This work proposes a person identification and tracking method based on Yolact and SIFT (Scale Invariant Feature Transform) for an agricultural person-follower robot using a single monocular camera. First, Yolact algorithm was used to detect all the people in the image frame, then their semantic segmentation was obtained and used to separate the people from the background. Secondly, SIFT was used to extract features from all the detected people. Finally, the features obtained are compared with the ones obtained in the last frame or with reference images and matched by calculating the approximate nearest neighbors.
Introduction
Robots are playing an important role by changing the way how farms operate, decreasing costs and making up for the manpower shortage. From simple robots that only classify apples to complex autonomous mobile systems that navigate and harvest fruits by them self; most of them uses computer vision and deep learning for classification and navigation purposes. However, real time object detection and classification is difficult and computationally expensive.
Our proposed method is based on Yolact and SIFT features thus it is scale resilient, it doesn’t depend on clothes colors, it doesn’t need training time and by matching the features with the features extracted in the previous frame decrease the error.
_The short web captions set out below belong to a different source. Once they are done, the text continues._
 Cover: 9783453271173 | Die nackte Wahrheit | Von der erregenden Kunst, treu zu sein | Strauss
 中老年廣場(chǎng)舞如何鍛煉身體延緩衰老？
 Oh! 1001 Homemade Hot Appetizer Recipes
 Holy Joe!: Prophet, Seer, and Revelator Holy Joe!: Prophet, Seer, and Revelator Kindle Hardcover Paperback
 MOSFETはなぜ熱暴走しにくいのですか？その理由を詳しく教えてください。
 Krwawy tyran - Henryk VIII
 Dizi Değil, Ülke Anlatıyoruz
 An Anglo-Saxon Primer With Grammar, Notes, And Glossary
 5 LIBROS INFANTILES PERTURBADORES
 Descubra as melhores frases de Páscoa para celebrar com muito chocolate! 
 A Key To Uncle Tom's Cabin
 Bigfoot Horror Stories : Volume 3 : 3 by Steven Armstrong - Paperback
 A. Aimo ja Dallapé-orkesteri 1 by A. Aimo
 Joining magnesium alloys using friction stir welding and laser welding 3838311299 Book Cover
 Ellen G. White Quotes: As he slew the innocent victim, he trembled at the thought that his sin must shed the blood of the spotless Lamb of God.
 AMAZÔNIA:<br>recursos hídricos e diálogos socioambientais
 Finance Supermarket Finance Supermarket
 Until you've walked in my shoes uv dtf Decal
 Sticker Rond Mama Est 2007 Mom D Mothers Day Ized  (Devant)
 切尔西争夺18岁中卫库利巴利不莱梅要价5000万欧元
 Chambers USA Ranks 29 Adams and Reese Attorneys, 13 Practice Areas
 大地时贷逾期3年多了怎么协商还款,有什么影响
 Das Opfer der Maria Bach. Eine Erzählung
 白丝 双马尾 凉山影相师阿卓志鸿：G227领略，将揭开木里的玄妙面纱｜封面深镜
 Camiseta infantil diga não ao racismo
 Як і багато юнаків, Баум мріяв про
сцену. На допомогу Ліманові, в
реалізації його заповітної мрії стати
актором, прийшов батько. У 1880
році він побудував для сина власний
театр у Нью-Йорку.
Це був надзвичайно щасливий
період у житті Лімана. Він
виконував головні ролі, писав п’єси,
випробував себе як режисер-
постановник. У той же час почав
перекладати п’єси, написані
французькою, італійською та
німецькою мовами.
The main application for our proposed method is for agricultural mobile robots that must follow a farmer
Method
Overall Process Description
Our proposed method is divided into 2 main stages. The first stage is the “Searching stage”, where the robot is looking for the target person for the first time, i.e., the algorithm has just been initialized or the robot has lost the target. This stage can be triggered when the score obtained in the tracking stage when comparing the current frame with last frame is lower than a previously defined threshold. In the second stage, the tracking stage the algorithm compares the features from the current frame with the ones in the previous frame, in such manner the changes of orientation or scale are not excessively different, as it could happen with the original reference images.
Pre-stage: Master registration
In this stage, the master is alone and multiples photos in different angles are taken, then all the pictures are processed individually using Yolact to obtain their semantic segmentation and remove the background. Finally, the pictures without background are processed with SIFT to extract and save their features.
Stage 1: Searching stage
In this stage, there is no clear information of whom is the master because the algorithm has just been initialized, thus there is no features extracted from a previous frame to compare the feature of the current frame, or due to a low score in the Tracking stage, that made impossible to identify the master correctly.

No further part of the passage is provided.